# Assigned task
How do the lines below between the ones holding "Bola medicinal Fitness" and "EC-NCK, 2007 Airbus A330-243 C/N 840, at bcn", inclusive, read? Give them again exactly, with no other lines.

--- Data section Enclosed Below ---

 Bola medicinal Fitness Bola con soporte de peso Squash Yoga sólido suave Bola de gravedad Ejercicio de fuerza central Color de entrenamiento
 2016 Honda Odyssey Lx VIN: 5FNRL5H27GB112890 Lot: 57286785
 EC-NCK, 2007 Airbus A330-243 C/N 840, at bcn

--- End of Enclosed Data section ---
--- Data section Enclosed Below ---

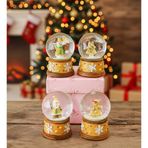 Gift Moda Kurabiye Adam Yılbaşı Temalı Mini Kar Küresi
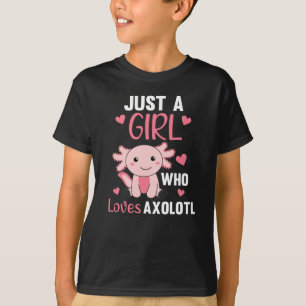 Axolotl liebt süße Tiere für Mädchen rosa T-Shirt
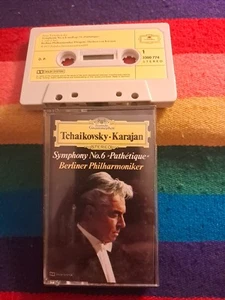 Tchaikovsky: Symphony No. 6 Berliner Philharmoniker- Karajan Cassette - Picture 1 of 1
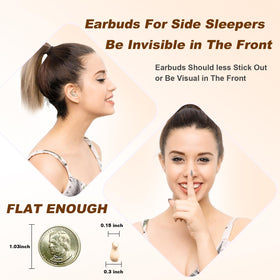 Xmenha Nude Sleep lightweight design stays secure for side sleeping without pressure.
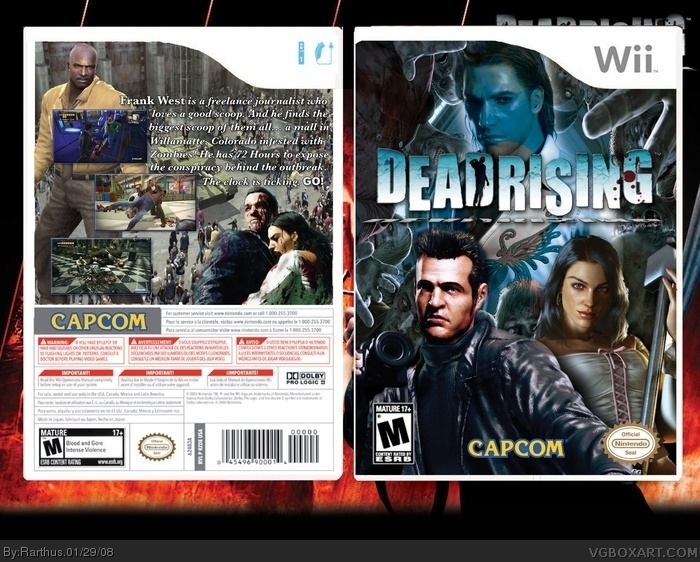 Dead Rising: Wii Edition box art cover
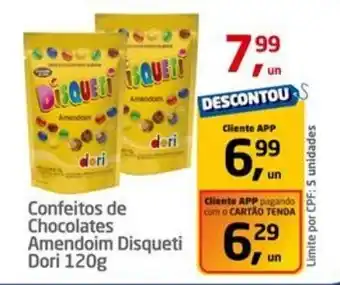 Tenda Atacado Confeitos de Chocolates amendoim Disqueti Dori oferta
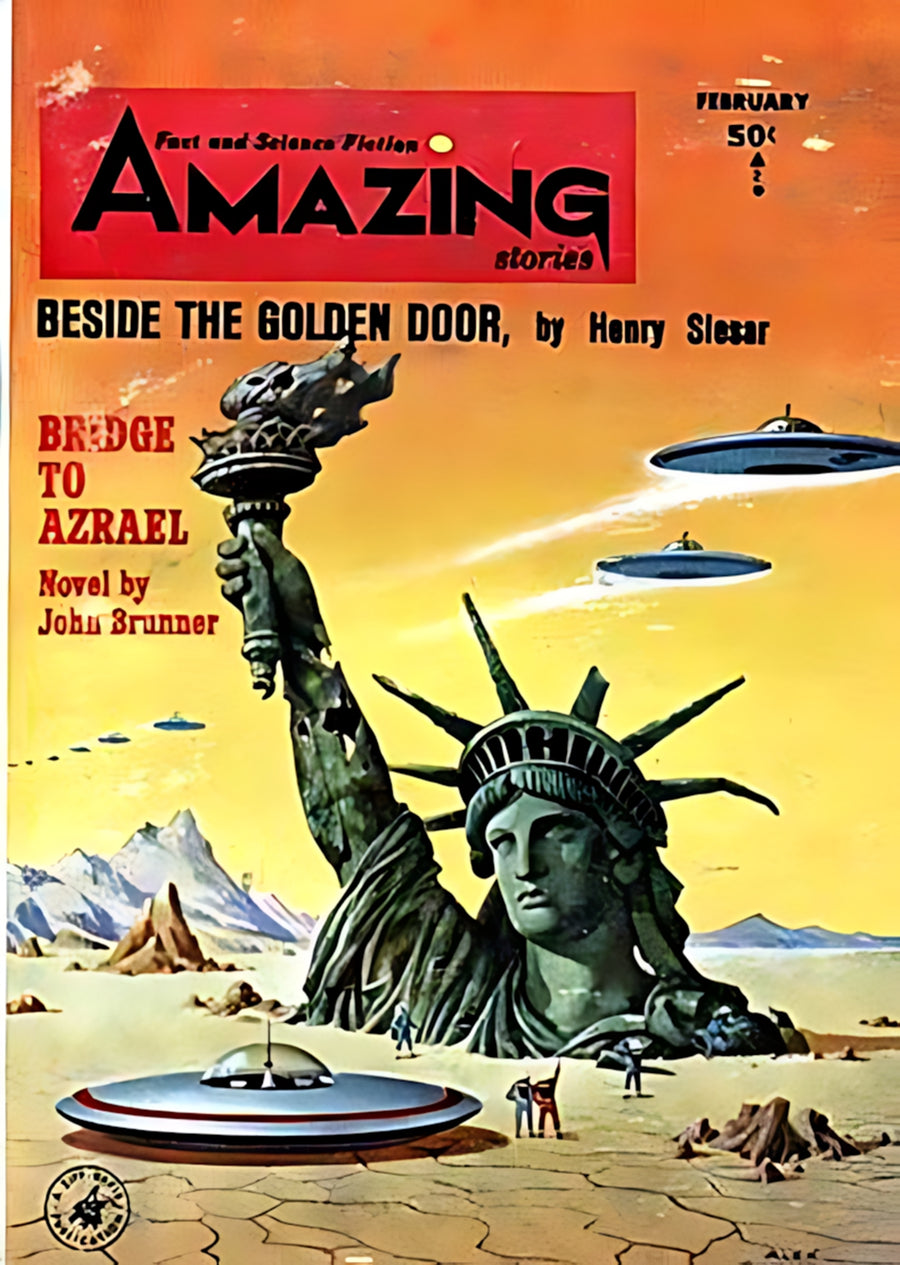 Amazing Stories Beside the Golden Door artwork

--- End of Enclosed Data section ---

# Answer to this problem
 Bola medicinal Fitness Bola con soporte de peso Squash Yoga sólido suave Bola de gravedad Ejercicio de fuerza central Color de entrenamiento
 2016 Honda Odyssey Lx VIN: 5FNRL5H27GB112890 Lot: 57286785
 EC-NCK, 2007 Airbus A330-243 C/N 840, at bcn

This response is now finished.